E' innegabile che alcune grosse case editrici e influenti organi di stampa d'orientamento liberal (come il "Berliner Tageblatt", la "Vossische Zeitung" e la "Frankfurter Zeitung") sono diretti da ebrei. Cosi' come ebrei sono numerosi giornalisti, critici teatrali, musicali, artistici e letterari, nonche' i responsabili di importanti gallerie d'arte e di altri centri culturali.
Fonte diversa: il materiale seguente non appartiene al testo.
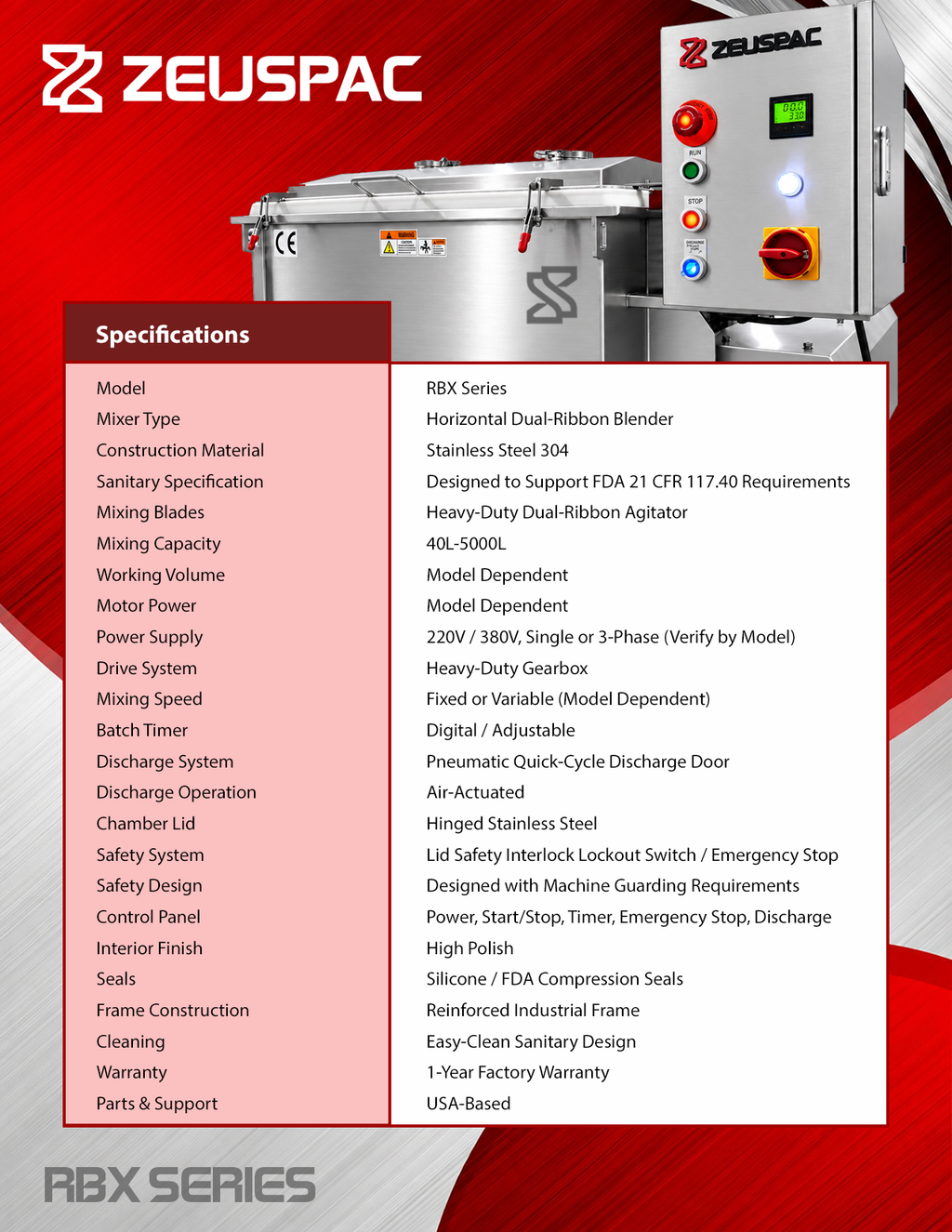 RBX-300 Ribbon Blender Industrial Powder Mixer 10.5 Cubic Foot / 300L
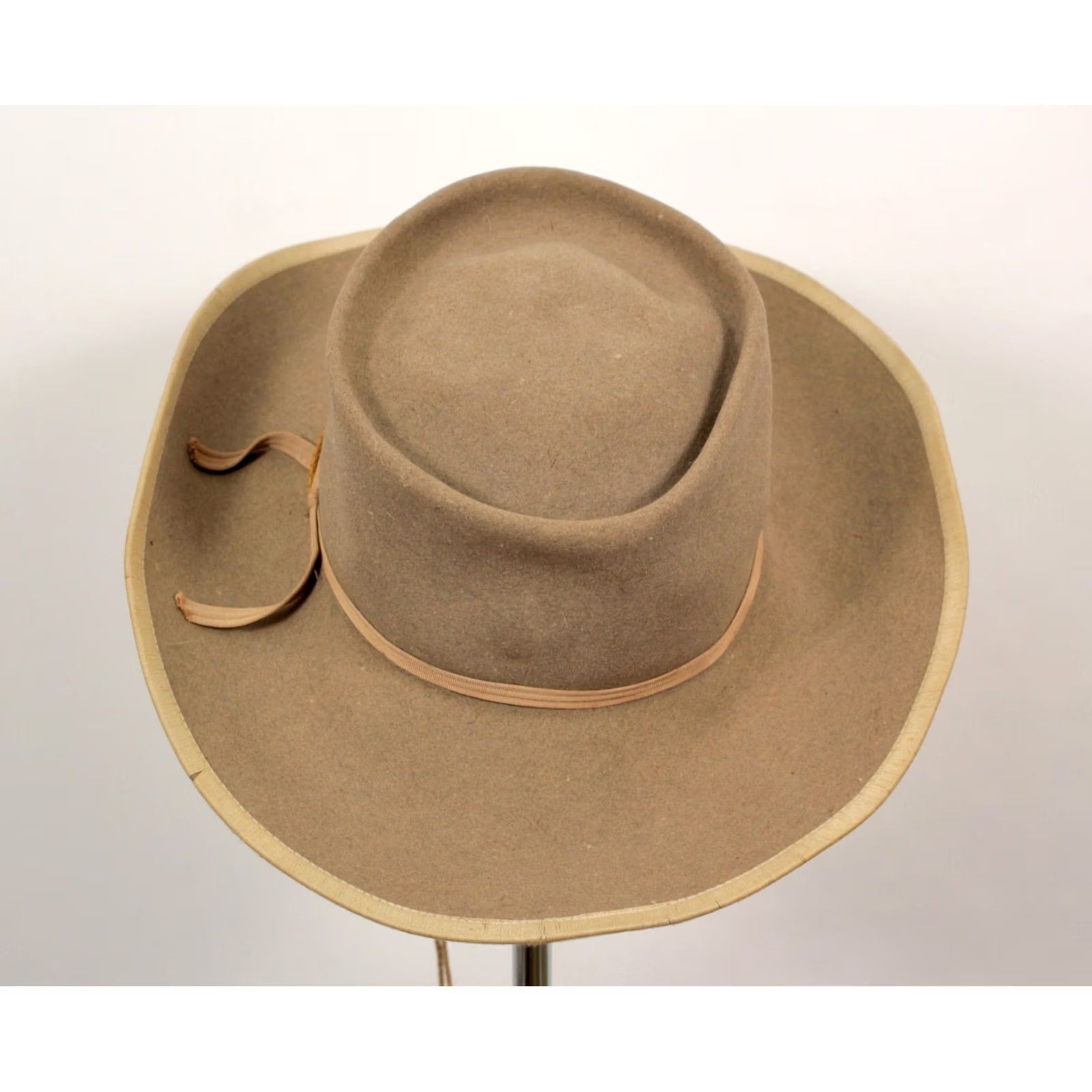 Vintage Women's Western Hat Cowboy 6 7/8 Beige Felt Brent Deluxe VTG 1950s Men’s Ladies? Size ONE SIZE - 4 Thumbnail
Ma sia chiaro: nella vita politica di Weimar, se si escludono i primissimi tempi, gli ebrei svolgono una parte piuttosto irrilevante.  I primi e ultimi politici ebrei di qualche peso della neonata Repubblica sono Walther Rathenau (1867-1922; ministro della Ricostruzione nel 1921 e degli Esteri nel 1922, anno in cui viene assassinato da estremisti di destra) e Rudolf Hilferding (1877-1941; ministro socialdemocratico delle Finanze nel 1923 e nel 1928-29, morto suicida in Francia durante la seconda guerra mondiale, allorche' la polizia del regime di Vichy lo consegnera' ai carnefici di Hitler).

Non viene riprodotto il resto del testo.